The particles that Katharina Landfester and her fellow scientists build come quite close to a vision that, in the 1990s, was associated with the world of tiny things. At that time, many researchers redesignated their experiments on the nanoscale to an independent research field they called nanotechnology. This quickly created the idea that, in the not-too-distant future, robots smaller than a thousandth of a millimeter could carry out precision medical work within our body: delivering medicines, cleaning blood vessels, destroying proliferating tissue.
This idea will probably remain a vision, because nanorobots for these tasks will not be available for a long time yet. Still, Katharina Landfester and her team teach their nanoparticles to do some of these jobs one step at a time – even if they are less spectacular in appearance than nano-science fiction envisaged for the tiny machines.
The researchers headed by Katharina Landfester equip the particles with an opening mechanism, provide them with an anchor for certain cells, or a stealth layer, so that the particles can move though the body unhindered. The particles owe these special accessories to a variety of chemical tricks that the polymer researchers use. But this was made possible only by the fundamental insights Katharina Landfester gained as head of a research group on miniemulsions under Markus Antonietti, Director at the Max Planck Institute of Colloids and Interfaces.

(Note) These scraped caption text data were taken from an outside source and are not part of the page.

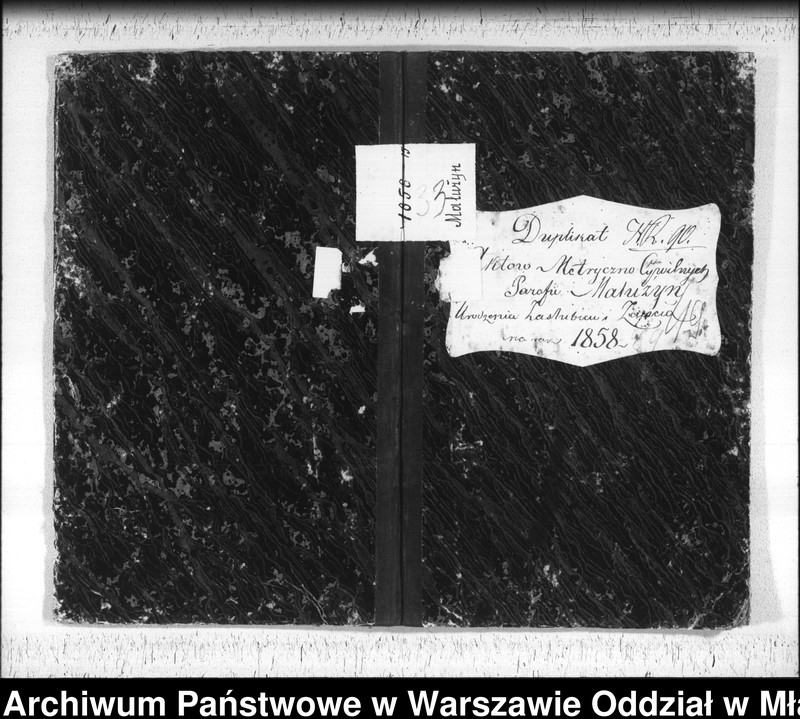 image.from.unit.number "Akta urodzin, małżeństw i zgonów"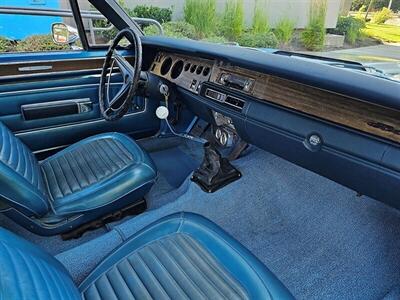 1970 Plymouth GTX 440 6-Pack Pistol Grip 4-Speed Hardtop   - Photo 24 - Eugene, OR 97403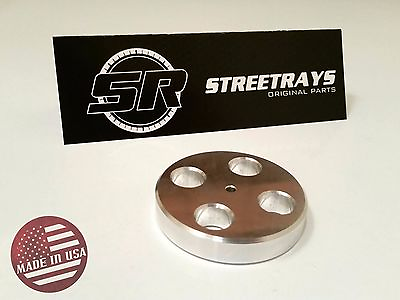 #ad SR STEERING LINKAGE SOLID SPACER FOR 300ZX Z32 240SX S13 R32 SR20DET NSS12M $18.75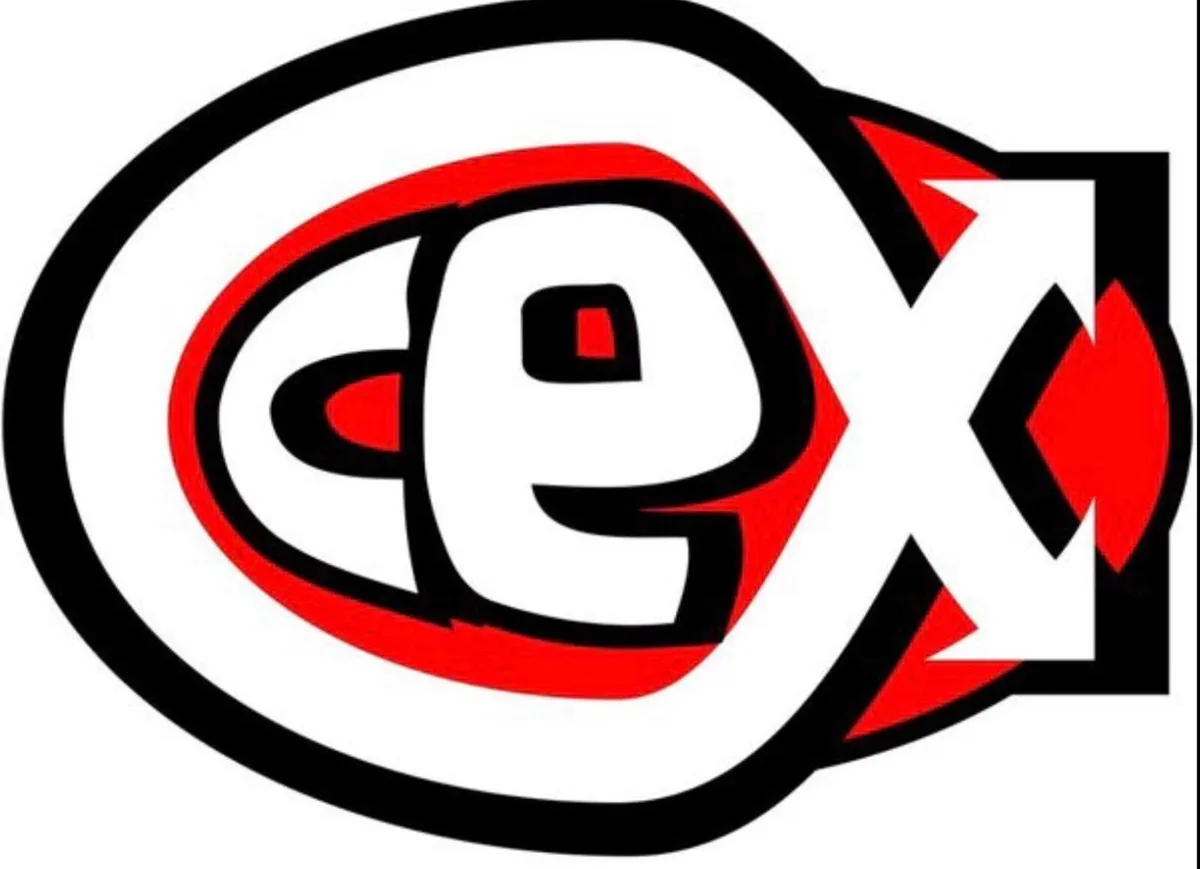 Cex voucher €608 face value
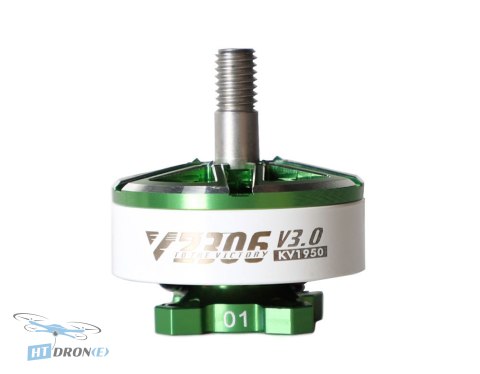 Silnik T-Motor V2306 V3.0 KV1950 do drona FPV freestyle 5 cali 6S kup teraz w HTDRONE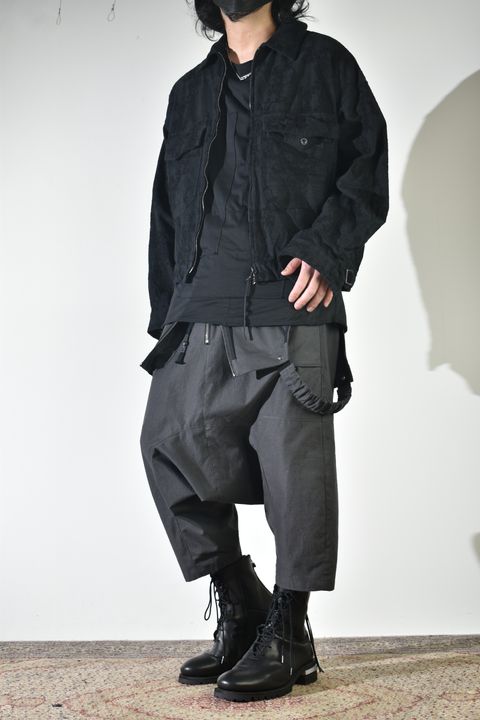 野暮ったさの中に上品さ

The miniemulsions of the first generation were not suitable for producing a large number of different polymer particles. When the chemists changed their composition, the oil droplets on the water merged to form a layer of oil before the polymer had formed. And when they did stay stable, this was just a matter of chance. At least that is how it appeared. “This made it clear that we had to take a close look at the physical- chemical processes in the miniemulsions,” says Landfester. If these were understood, she thought, it might be possible to specifically select the composition of the miniemulsions so that multifunctional nanoparticles could be produced.
When she explains these connections today, she starts with the factors that keep milk homogeneous: it begins with the proteins that enclose the fat droplets. They act as a surfactant, just like a detergent, which prevents the droplets from merging. Nevertheless, the cream quickly separates out in milk that comes fresh from the cow. Some of its fat droplets are large, and due to their low density, they rise and form a layer of cream. The milk is therefore homogenized: it is sprayed onto a metal plate so that the fat droplets split to form smaller spheres. These are so small that their buoyancy is no longer sufficient to move them to the surface.
The chemists from Mainz homogenize their miniemulsions with an ultrasonication tip. This is routine work for Anna Musyanovych. She heads the group working on chemistry in miniemulsions. The lab specifically equipped for this purpose houses several metal cabinets, each one about the size of a wall cupboard in a kitchen. Anna Musyanovych fixes little glass vessels containing a mixture of oil, water and a surfactant under the ultrasonication tip in such a way that it hangs just above the bottom of the vessels. With a hissing sound and vibrations that are not very strong but very fast, the ultrasonication tip breaks up the oil droplets into nanodroplets.